▸ **REQUIRED ACTION**
Leave out all pictures. Return exactly the lines from the top of the material through the line containing "Now when we".

▸ **INFORMATION SHOWN**
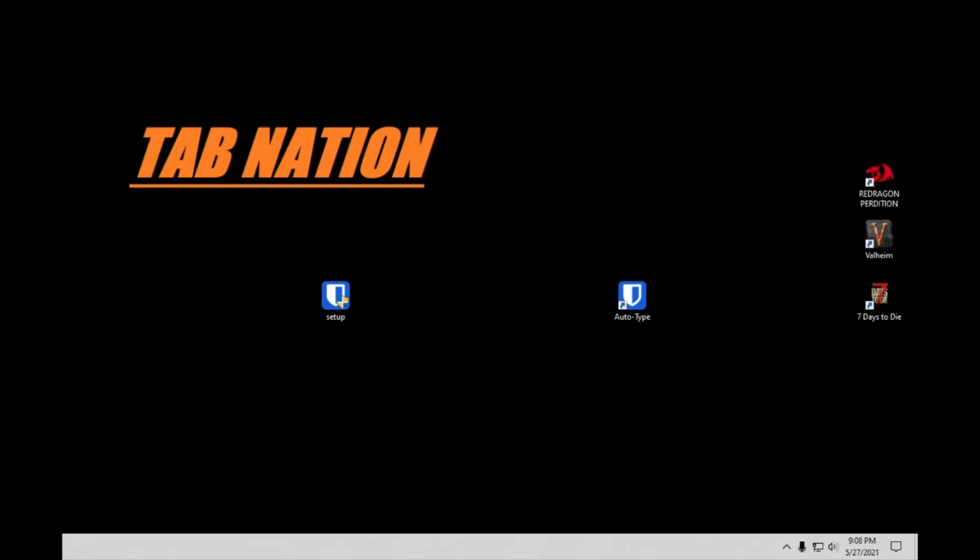Because obviously there are other programs out there. Chrome comes with a built-in password manager, but that's only going to work in Chrome. This will work across pretty much all programs, websites, browsers, what have you. It's really great. Video games, that kind of stuff.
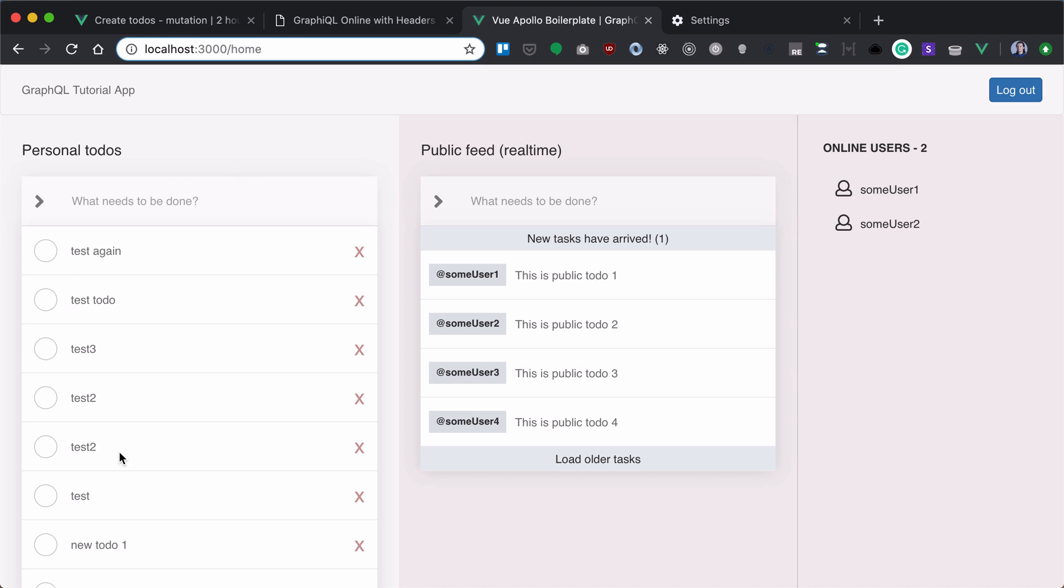Now when we have our to-dos list created and adding new to-dos, we need to create these to-do toggles. Whenever you click on this to-do, this to-do will be completed. For that, we need to create a toggle to-do mutation.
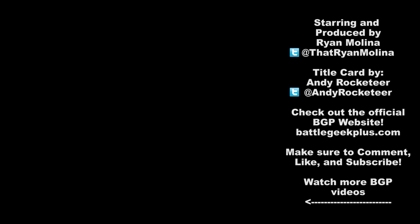Thanks for watching and I hope you enjoyed this video. Make sure to like, comment and subscribe and make sure to check out these other videos and also make sure to follow me on social media and check out the official BattleGeek Plus website. Take care.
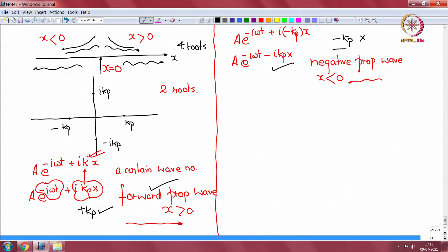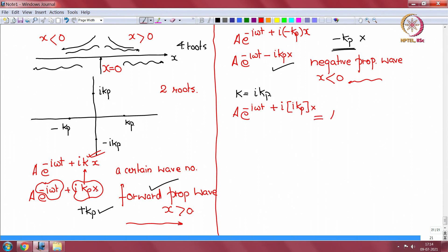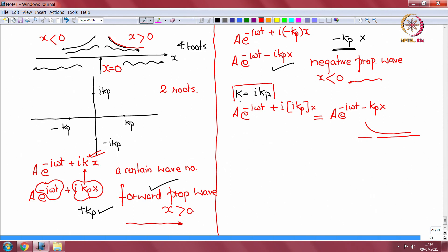Having minus k p does not give a meaningful result for positive x. Similarly, if I choose i k p and put it in, I get a e to the power of minus i omega t plus i times i k p x, which gives a e to the power of minus i omega t minus k p x — a wave decaying in the positive x direction. As I move in the positive x direction it decays away, which is physically possible. So k equal to i k p should be included.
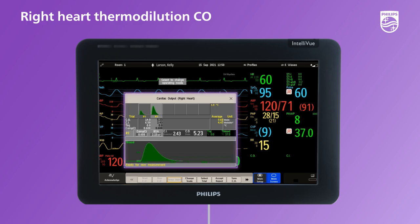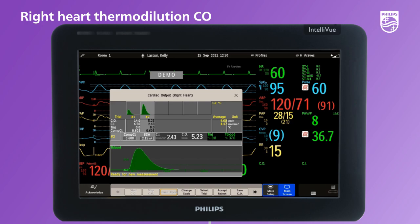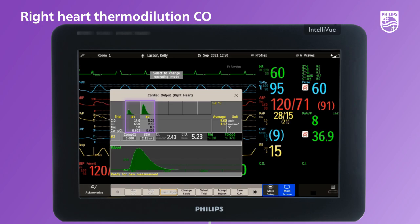The change in temperature in the bloodstream is used to determine the right heart thermodilution CO, and both the measurement curve and numeric are displayed. Since this technique is an aperiodic measurement and can be affected by multiple variables, more than one is performed to obtain an average CO value.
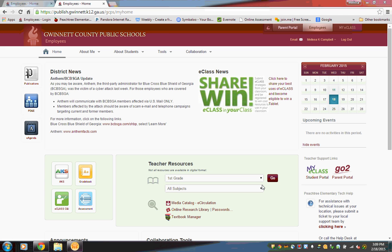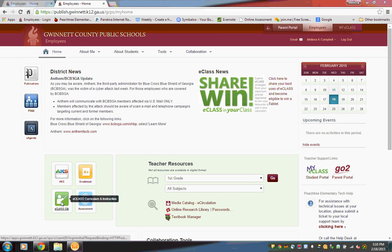In this video, I'm going to show you how to access the Peachtree ES eClass training page and download a document in the content tool. So log into your employee portal and go to the green eClass CNI tool.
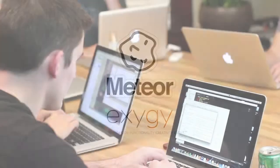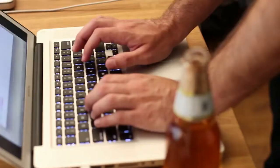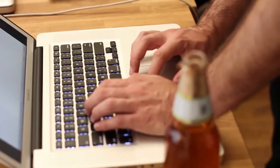Our teaching approach comes from years of experience running in-person programming classes. Through a solid mix of conceptual explanations and interactive tutorials, this class will give you the tools and confidence to start building your very own Meteor applications.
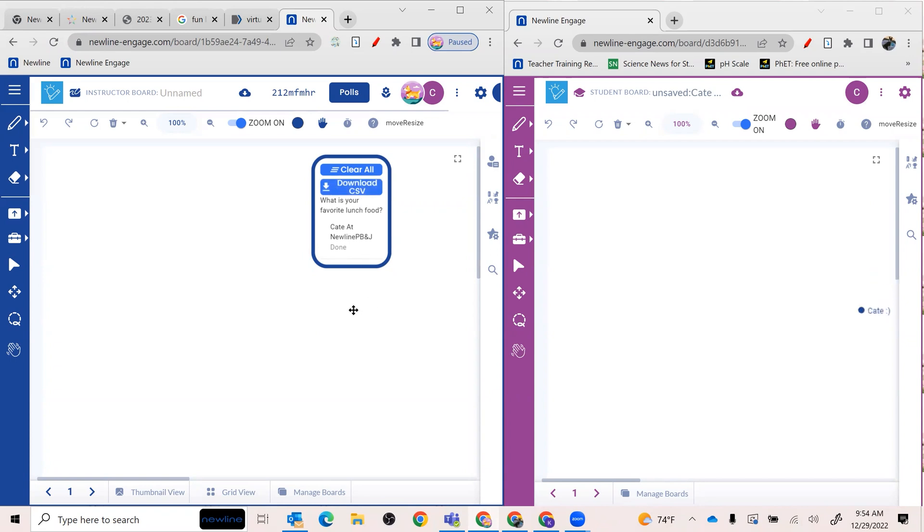So again, that is how you create instant polls in New Line Engage. I hope you have fun with it and we'll talk again soon. Thanks a lot.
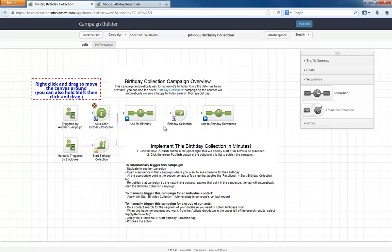Alternately, an employee can apply this note template to the contact record to start the campaign as well.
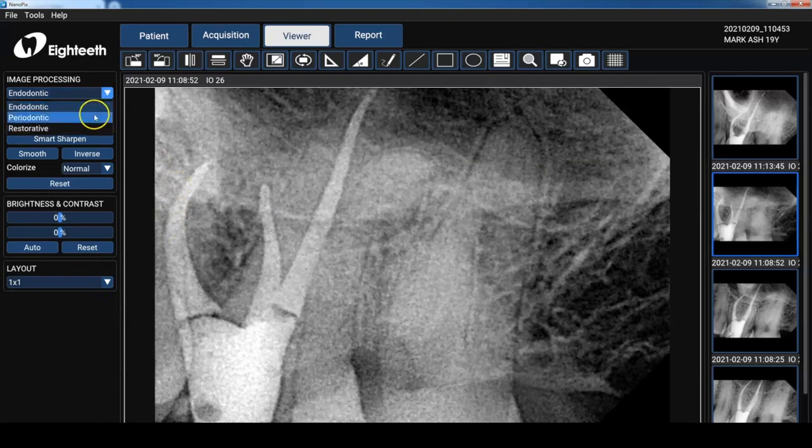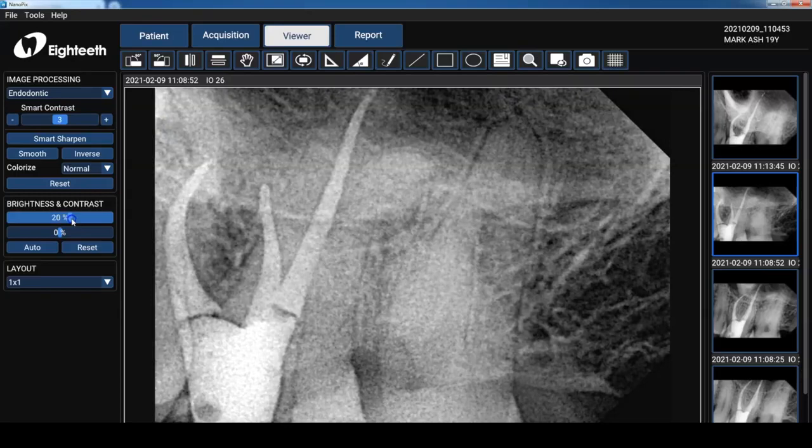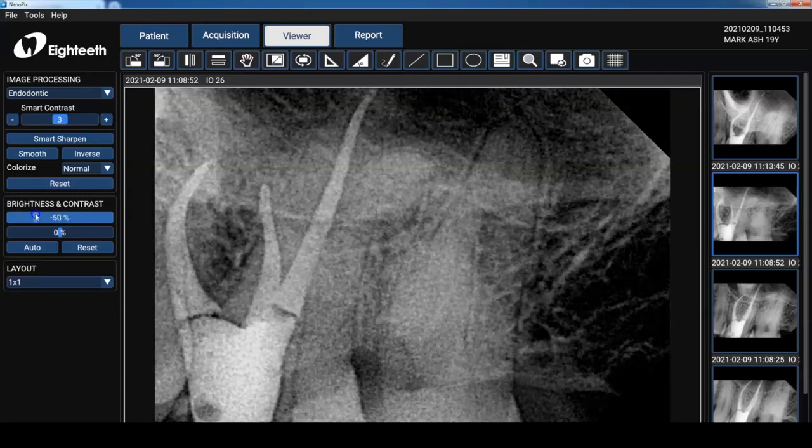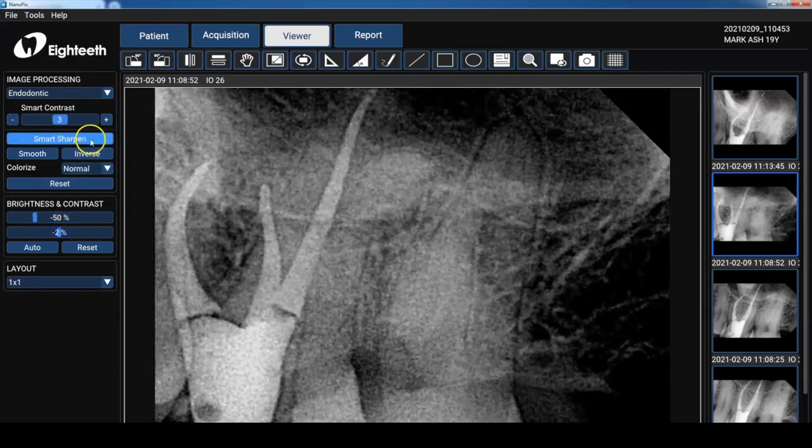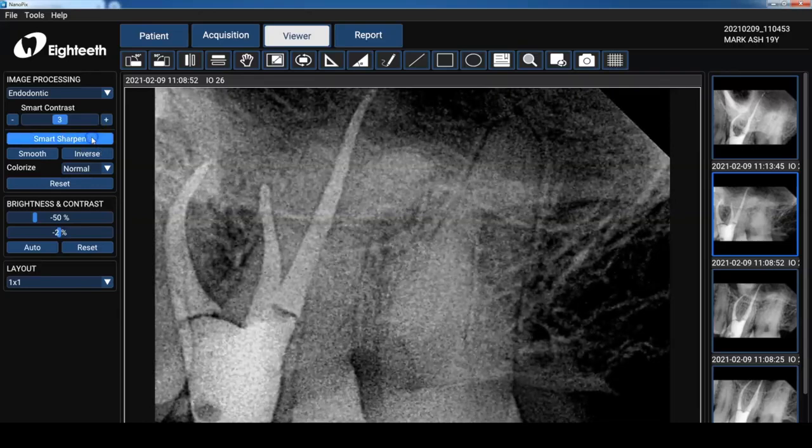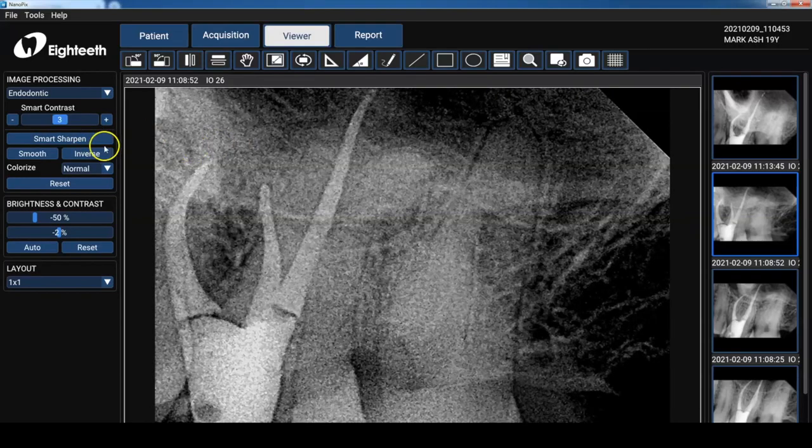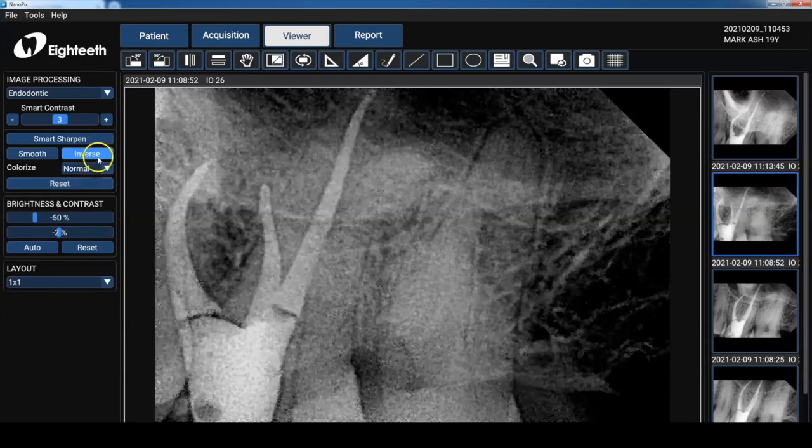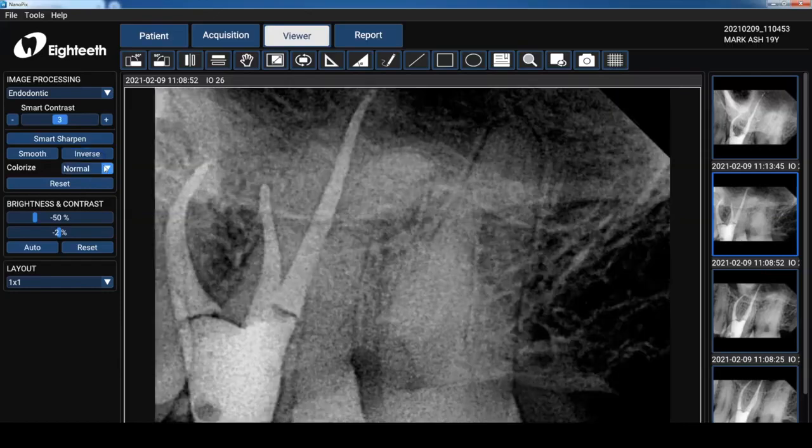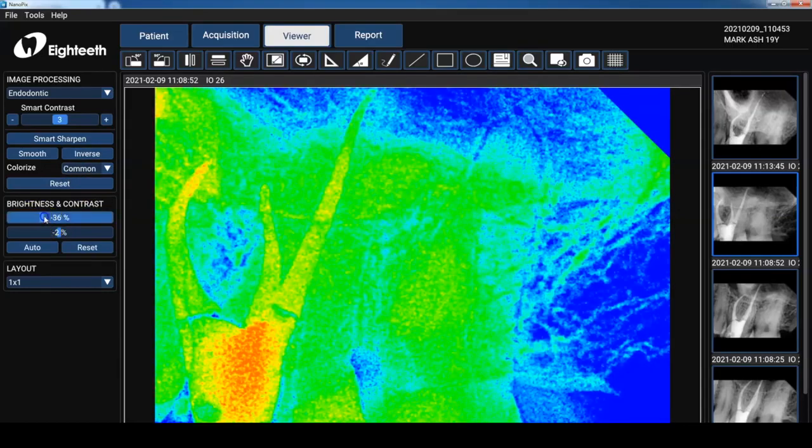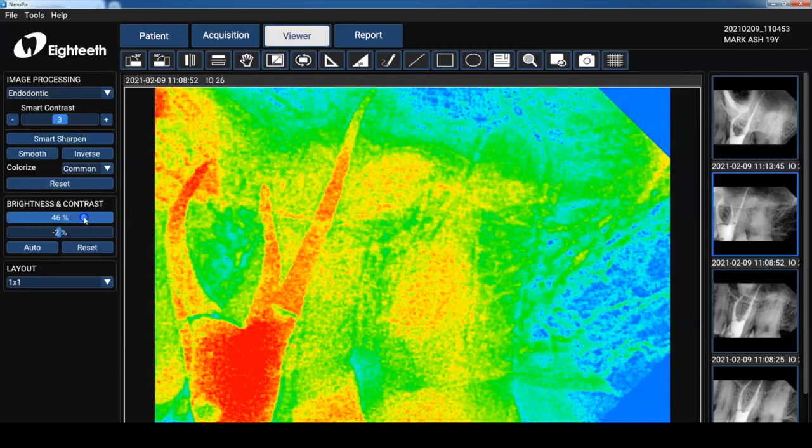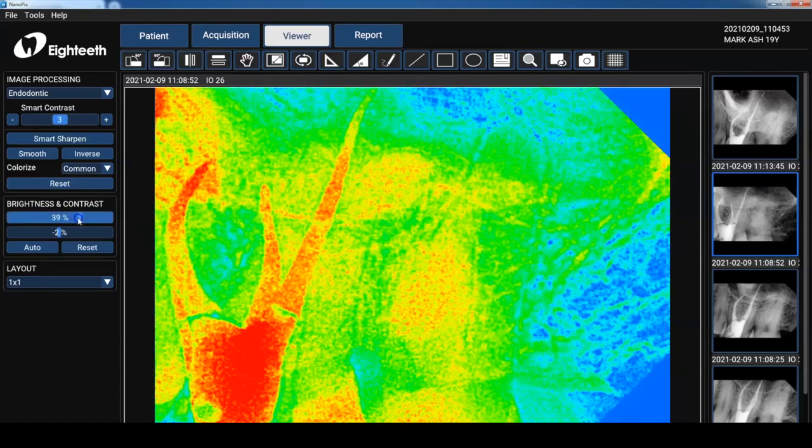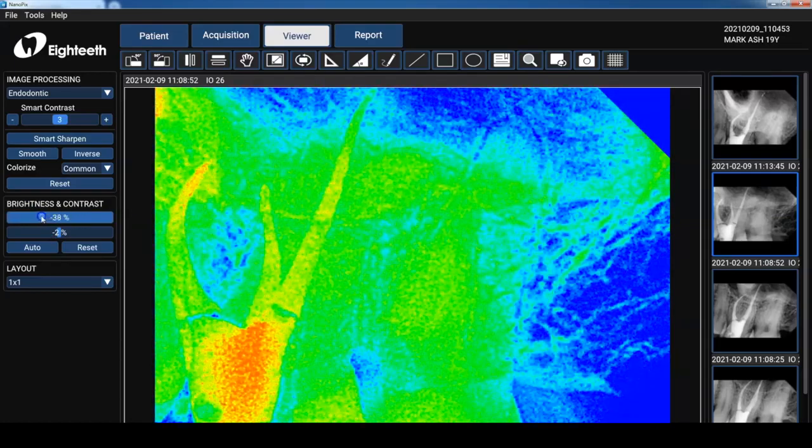Endo but then there's a Perio and we have a restorative filter. I'm going to set that back to Endo. Now I haven't really gotten used to using the smart contrast but I can tell you the smart sharpen I love it. As you press it it increases the sharpness of the image. And for you Facebook posters you can use your inverse as well. So some of the colorized options are available there and of course using the brightness and contrast allows you to manipulate the different densities in the image. So I'm going to set that back to normal.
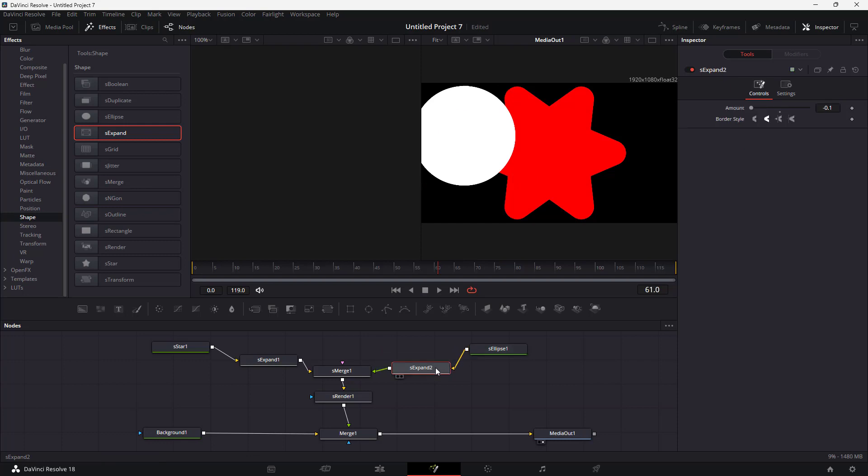That is how you can work with the Fusion Shape Expand option inside the Fusion panel in DaVinci Resolve. I hope you guys learned something — and as always, please like, comment, share, and subscribe.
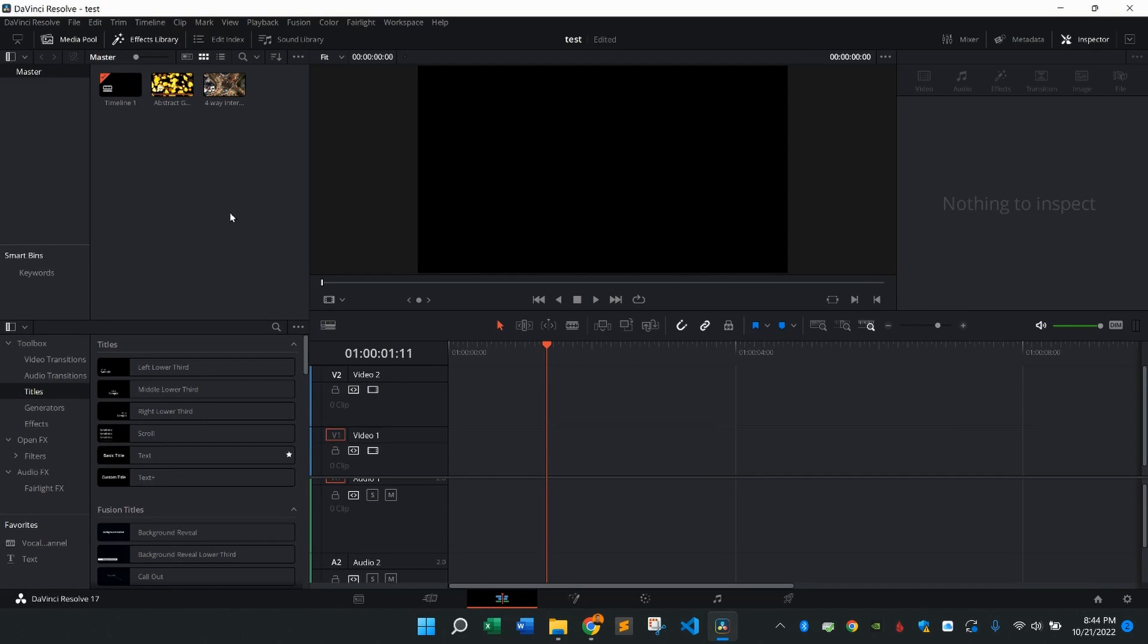Hi everybody, welcome back to How To With Matt. Today's how-to is going to be how to overlay a clip over top another clip in DaVinci Resolve.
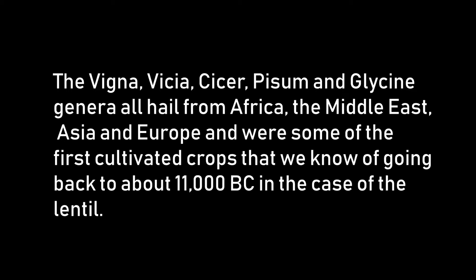The Vigna, Vicia, Cicer, Pisum, and Glycine genera all hail from Africa, the Middle East, Asia, and Europe, and were some of the first cultivated crops that we know of going back to about 11,000 BC in the case of the lentil.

▸ **EXERCISE ANSWER**
Because obviously there are other programs out there. Chrome comes with a built-in password manager, but that's only going to work in Chrome. This will work across pretty much all programs, websites, browsers, what have you. It's really great. Video games, that kind of stuff.
Now when we have our to-dos list created and adding new to-dos, we need to create these to-do toggles. Whenever you click on this to-do, this to-do will be completed. For that, we need to create a toggle to-do mutation.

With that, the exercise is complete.